**Activity:**
Pictures are to be left out; every line from the one with "Under 'Advanced,' I" through the end of the data must be transcribed exactly.

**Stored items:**

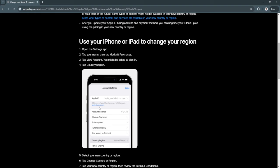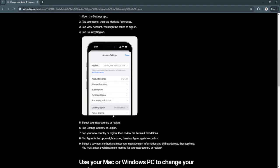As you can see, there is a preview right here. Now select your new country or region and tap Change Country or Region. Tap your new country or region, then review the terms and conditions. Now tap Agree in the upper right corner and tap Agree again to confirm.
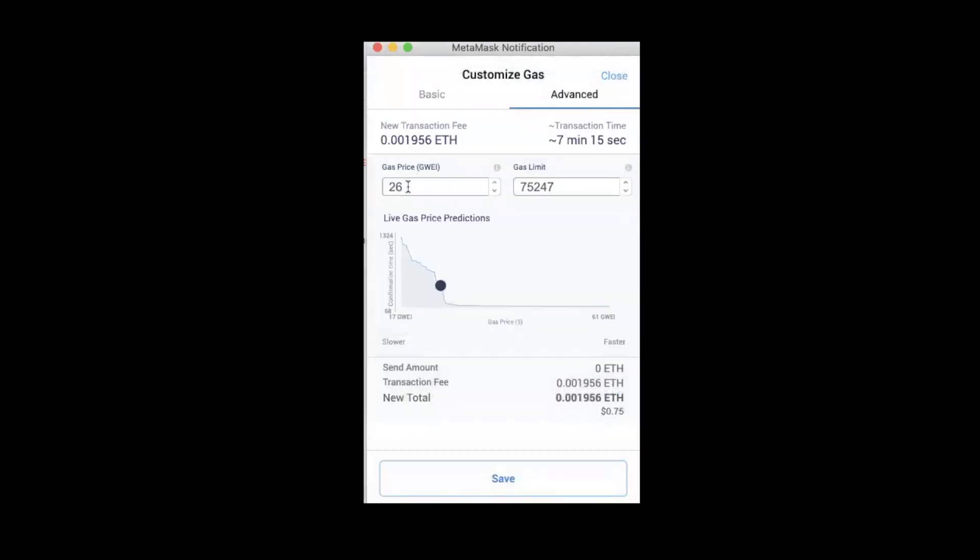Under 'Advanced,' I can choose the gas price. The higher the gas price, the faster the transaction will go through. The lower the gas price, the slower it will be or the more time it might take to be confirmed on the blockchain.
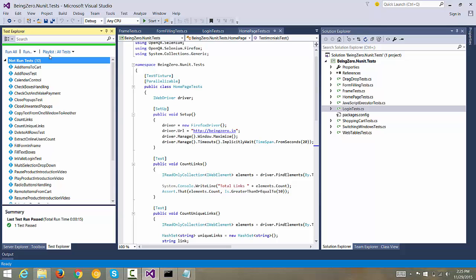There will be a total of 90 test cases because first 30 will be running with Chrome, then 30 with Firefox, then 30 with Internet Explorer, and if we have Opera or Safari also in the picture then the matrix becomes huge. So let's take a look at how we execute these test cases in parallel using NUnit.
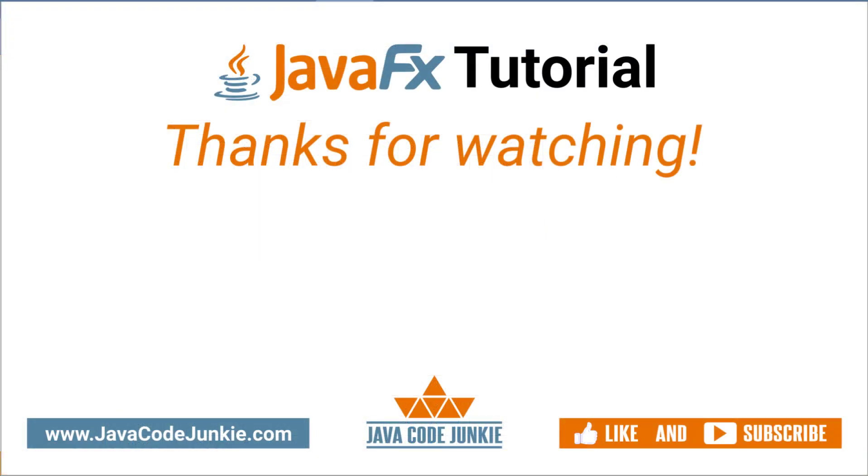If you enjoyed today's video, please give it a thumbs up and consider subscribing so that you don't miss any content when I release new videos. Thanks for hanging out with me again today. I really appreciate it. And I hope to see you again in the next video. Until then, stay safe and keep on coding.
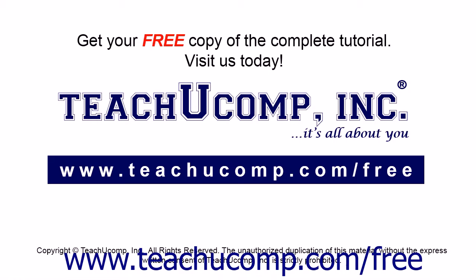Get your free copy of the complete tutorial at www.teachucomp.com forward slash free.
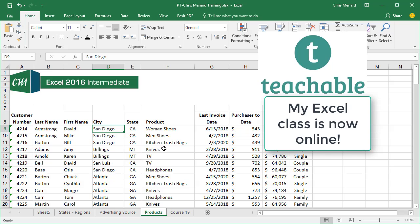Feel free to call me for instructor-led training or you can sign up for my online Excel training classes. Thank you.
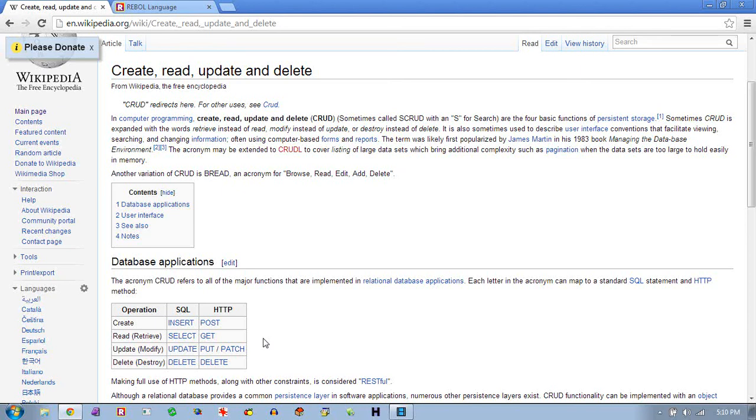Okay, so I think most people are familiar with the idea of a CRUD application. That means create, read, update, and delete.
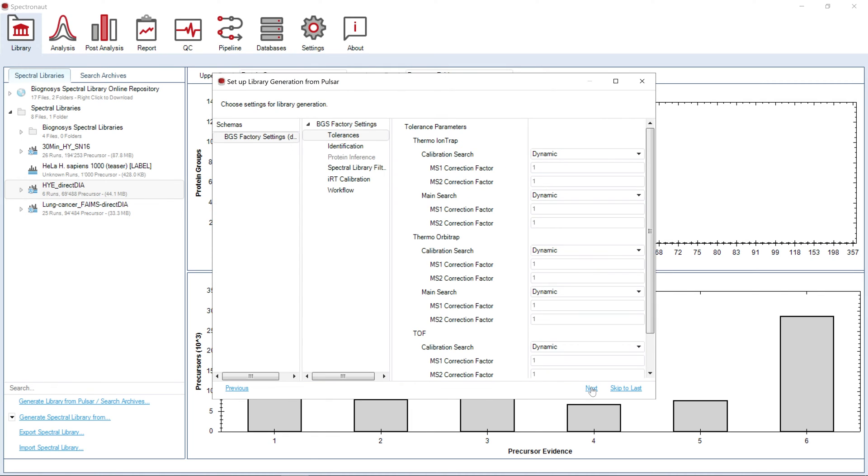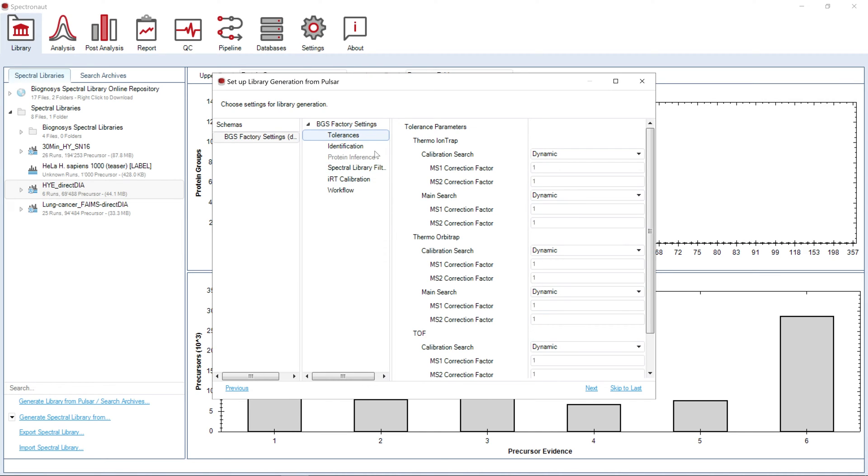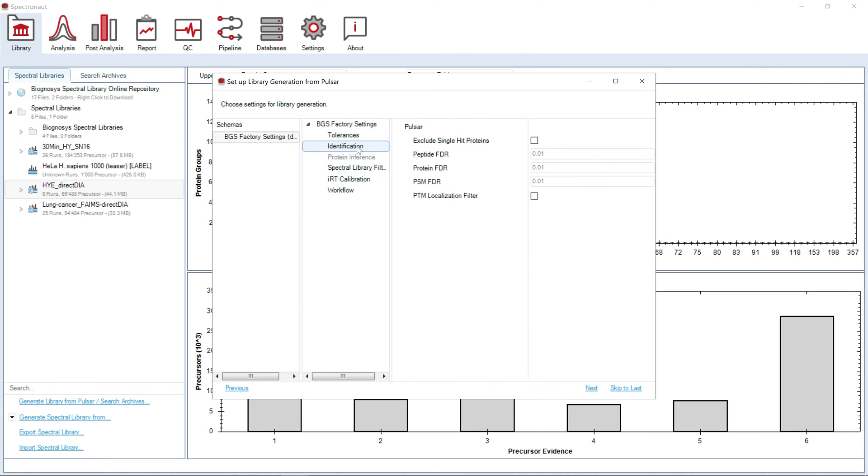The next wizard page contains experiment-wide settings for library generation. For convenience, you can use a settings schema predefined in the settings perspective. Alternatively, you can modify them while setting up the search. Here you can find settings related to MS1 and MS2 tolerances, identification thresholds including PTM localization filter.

**Answer to this exercise:**
Under 'Advanced,' I can choose the gas price. The higher the gas price, the faster the transaction will go through. The lower the gas price, the slower it will be or the more time it might take to be confirmed on the blockchain.
There will be a total of 90 test cases because first 30 will be running with Chrome, then 30 with Firefox, then 30 with Internet Explorer, and if we have Opera or Safari also in the picture then the matrix becomes huge. So let's take a look at how we execute these test cases in parallel using NUnit.
If you enjoyed today's video, please give it a thumbs up and consider subscribing so that you don't miss any content when I release new videos. Thanks for hanging out with me again today. I really appreciate it. And I hope to see you again in the next video. Until then, stay safe and keep on coding.
Get your free copy of the complete tutorial at www.teachucomp.com forward slash free.
Feel free to call me for instructor-led training or you can sign up for my online Excel training classes. Thank you.
Okay, so I think most people are familiar with the idea of a CRUD application. That means create, read, update, and delete.
The next wizard page contains experiment-wide settings for library generation. For convenience, you can use a settings schema predefined in the settings perspective. Alternatively, you can modify them while setting up the search. Here you can find settings related to MS1 and MS2 tolerances, identification thresholds including PTM localization filter.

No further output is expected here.